If all you really want is to confirm your connection to one tribe or another for your own edification, that shouldn’t be too tough a project.
Online resources such as Ancestry.com (available at any DPL branch) and FamilySearch.org provide access to Indian census records, and other tools that can help you trace your family origins back to your Native American ancestors.
Not only is this route a lot easier than getting on a tribal roll, it’s a whole lot more fun.
The question of who decides whether a person is “Indian enough” to qualify for formal tribal membership is both complicated and controversial.

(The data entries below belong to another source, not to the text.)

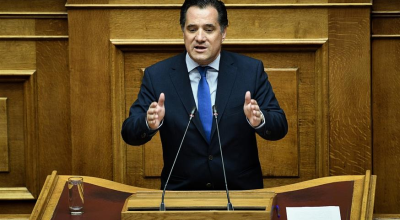 Πόλεμος Καραμέρου-Γεωργιάδη για τρολ λογαριασμό: Απείλησε με μηνύσεις ο Υπουργός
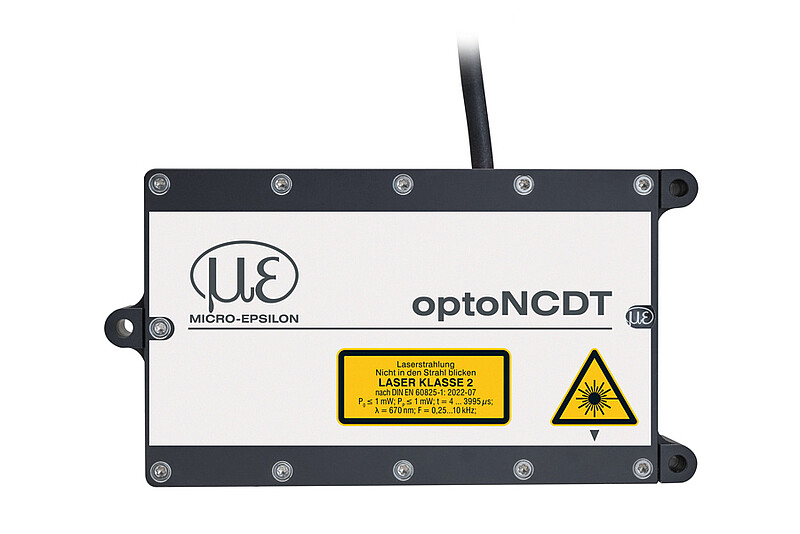 測定範囲が最大750 mmの高精度レーザーセンサ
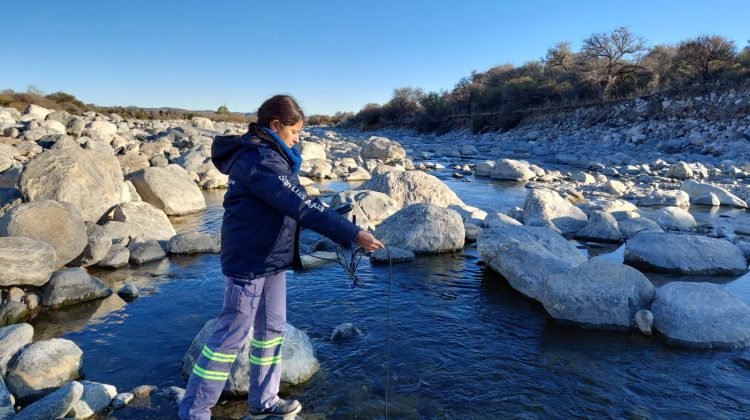 Tomaron muestras de agua de los diques Las Palmeras y Los Manantiales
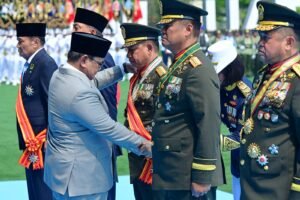 Presiden Prabowo Anugerahkan Tanda Kehormatan Bintang Mahaputera kepada Tujuh Tokoh TNI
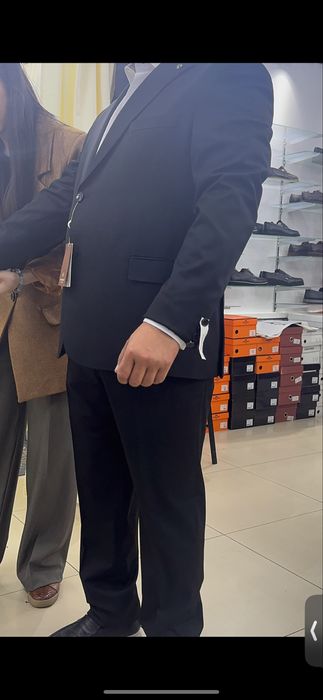 Продам костюм- тройка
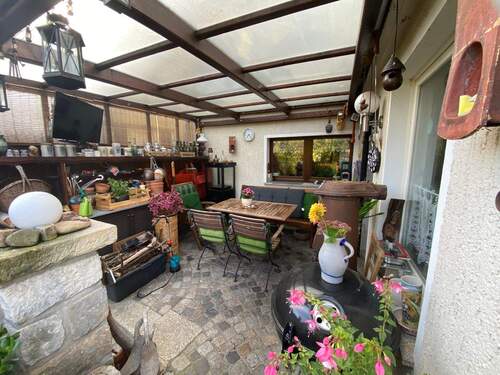 UG Freisitz am Haus.jpg - 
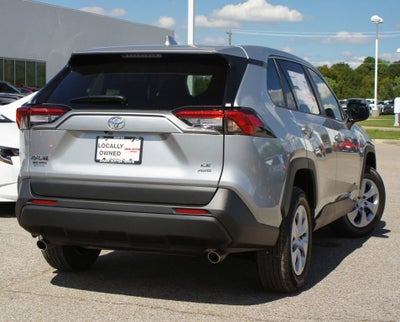 2025 Toyota RAV4 LE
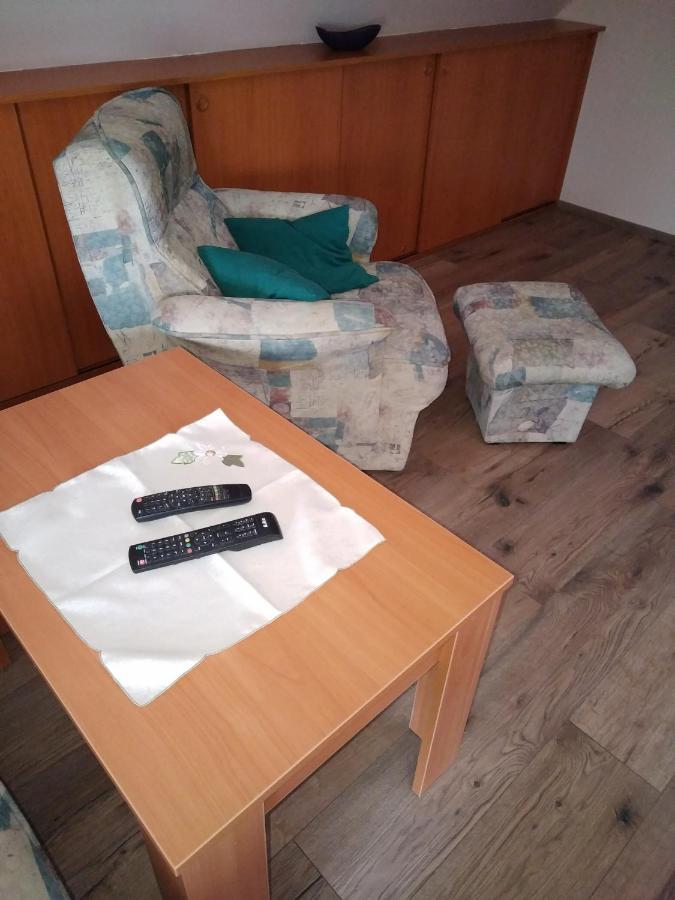 Budai Vám Apartmanház Pětikostelí Exteriér fotografie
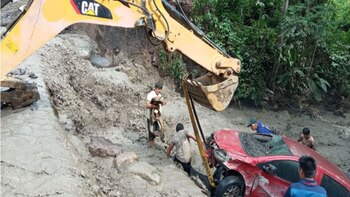 Autoridades llegaron con maquinaria pesada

At the same time, this is America where generations of ethnic intermingling allow us the luxury of self-identification. After all, you don’t have to look too far to find people of mixed European descent who self-identify with the group they feel closest to at that moment. (Just visit LoDo on St. Patrick’s Day to see this dynamic in action.)
So our advice to genealogists as they dig into their Native American heritage is to savor the experience of learning about their personal histories without getting involved with a lot of bureaucratic red tape.
(For more in-depth look at how Indian tribes determine membership and how technology impacts those decisions, check out Native American DNA: Tribal Belonging and the False Promise of Genetic Science by Kim Tallbear (University of Minneapolis Press, 2013).